*** Opening MATERIAL TO PROCESS ***
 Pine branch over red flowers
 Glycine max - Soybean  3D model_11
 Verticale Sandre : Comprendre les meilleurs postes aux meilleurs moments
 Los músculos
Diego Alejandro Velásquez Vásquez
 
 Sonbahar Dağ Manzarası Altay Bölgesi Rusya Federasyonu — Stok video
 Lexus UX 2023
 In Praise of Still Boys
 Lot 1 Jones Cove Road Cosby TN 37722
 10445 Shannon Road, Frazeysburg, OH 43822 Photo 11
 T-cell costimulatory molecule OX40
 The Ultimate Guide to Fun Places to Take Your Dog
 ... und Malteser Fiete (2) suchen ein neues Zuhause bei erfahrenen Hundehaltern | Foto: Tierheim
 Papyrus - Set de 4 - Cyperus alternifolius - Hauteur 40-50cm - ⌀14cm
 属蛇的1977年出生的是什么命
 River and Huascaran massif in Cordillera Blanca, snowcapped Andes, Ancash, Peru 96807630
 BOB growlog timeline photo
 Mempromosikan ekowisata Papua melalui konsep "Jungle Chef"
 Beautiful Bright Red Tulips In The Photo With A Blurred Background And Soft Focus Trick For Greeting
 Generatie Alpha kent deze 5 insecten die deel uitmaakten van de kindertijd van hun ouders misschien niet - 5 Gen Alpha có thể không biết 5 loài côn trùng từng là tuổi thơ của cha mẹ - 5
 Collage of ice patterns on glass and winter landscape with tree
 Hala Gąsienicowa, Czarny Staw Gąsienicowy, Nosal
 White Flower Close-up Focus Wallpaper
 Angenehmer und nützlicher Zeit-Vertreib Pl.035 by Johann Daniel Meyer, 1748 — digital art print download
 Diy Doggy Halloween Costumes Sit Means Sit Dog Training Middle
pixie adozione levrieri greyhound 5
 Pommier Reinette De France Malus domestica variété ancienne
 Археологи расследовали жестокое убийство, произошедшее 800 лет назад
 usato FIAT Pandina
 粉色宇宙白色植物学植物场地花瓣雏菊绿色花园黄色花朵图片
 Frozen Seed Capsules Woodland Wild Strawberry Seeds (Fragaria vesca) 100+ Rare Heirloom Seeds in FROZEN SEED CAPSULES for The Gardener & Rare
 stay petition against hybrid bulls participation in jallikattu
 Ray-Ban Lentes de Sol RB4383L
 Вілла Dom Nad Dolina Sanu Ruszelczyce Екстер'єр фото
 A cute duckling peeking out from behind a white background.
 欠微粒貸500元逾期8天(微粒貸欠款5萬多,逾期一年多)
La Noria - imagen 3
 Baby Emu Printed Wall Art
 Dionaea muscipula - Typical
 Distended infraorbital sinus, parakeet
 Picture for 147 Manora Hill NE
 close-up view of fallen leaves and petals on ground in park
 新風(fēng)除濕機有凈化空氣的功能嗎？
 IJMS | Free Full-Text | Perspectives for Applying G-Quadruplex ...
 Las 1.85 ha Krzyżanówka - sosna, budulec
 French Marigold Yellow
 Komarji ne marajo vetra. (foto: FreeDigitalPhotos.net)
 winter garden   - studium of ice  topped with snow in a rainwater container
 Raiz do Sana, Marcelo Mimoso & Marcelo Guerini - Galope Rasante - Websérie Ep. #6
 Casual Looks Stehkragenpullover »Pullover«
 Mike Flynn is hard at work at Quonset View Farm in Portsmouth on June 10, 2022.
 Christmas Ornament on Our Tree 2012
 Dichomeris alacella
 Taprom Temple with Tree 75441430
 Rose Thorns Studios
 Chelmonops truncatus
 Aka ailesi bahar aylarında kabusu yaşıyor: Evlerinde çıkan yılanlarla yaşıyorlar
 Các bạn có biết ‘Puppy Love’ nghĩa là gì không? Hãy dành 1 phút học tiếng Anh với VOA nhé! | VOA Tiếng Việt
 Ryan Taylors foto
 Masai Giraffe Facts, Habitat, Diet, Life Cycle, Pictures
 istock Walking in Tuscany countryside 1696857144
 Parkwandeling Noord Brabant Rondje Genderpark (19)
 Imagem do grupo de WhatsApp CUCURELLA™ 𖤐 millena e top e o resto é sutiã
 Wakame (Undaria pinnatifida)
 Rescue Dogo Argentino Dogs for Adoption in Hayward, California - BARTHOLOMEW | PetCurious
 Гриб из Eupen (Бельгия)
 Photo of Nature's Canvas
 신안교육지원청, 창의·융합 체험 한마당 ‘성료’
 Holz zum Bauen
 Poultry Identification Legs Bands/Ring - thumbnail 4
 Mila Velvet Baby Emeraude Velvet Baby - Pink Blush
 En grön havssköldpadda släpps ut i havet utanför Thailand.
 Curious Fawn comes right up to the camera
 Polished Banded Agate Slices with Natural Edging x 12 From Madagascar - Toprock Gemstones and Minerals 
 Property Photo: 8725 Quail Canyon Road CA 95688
*** Closing MATERIAL TO PROCESS ***
→ **TASK OBJECTIVE**
Beginning of the records through the line with "pixie adozione levrieri greyhound 5": return that span exactly and stop there.

→ **RESPONSE TO THIS TASK**
 Pine branch over red flowers
 Glycine max - Soybean  3D model_11
 Verticale Sandre : Comprendre les meilleurs postes aux meilleurs moments
 Los músculos
Diego Alejandro Velásquez Vásquez
 
 Sonbahar Dağ Manzarası Altay Bölgesi Rusya Federasyonu — Stok video
 Lexus UX 2023
 In Praise of Still Boys
 Lot 1 Jones Cove Road Cosby TN 37722
 10445 Shannon Road, Frazeysburg, OH 43822 Photo 11
 T-cell costimulatory molecule OX40
 The Ultimate Guide to Fun Places to Take Your Dog
 ... und Malteser Fiete (2) suchen ein neues Zuhause bei erfahrenen Hundehaltern | Foto: Tierheim
 Papyrus - Set de 4 - Cyperus alternifolius - Hauteur 40-50cm - ⌀14cm
 属蛇的1977年出生的是什么命
 River and Huascaran massif in Cordillera Blanca, snowcapped Andes, Ancash, Peru 96807630
 BOB growlog timeline photo
 Mempromosikan ekowisata Papua melalui konsep "Jungle Chef"
 Beautiful Bright Red Tulips In The Photo With A Blurred Background And Soft Focus Trick For Greeting
 Generatie Alpha kent deze 5 insecten die deel uitmaakten van de kindertijd van hun ouders misschien niet - 5 Gen Alpha có thể không biết 5 loài côn trùng từng là tuổi thơ của cha mẹ - 5
 Collage of ice patterns on glass and winter landscape with tree
 Hala Gąsienicowa, Czarny Staw Gąsienicowy, Nosal
 White Flower Close-up Focus Wallpaper
 Angenehmer und nützlicher Zeit-Vertreib Pl.035 by Johann Daniel Meyer, 1748 — digital art print download
 Diy Doggy Halloween Costumes Sit Means Sit Dog Training Middle
pixie adozione levrieri greyhound 5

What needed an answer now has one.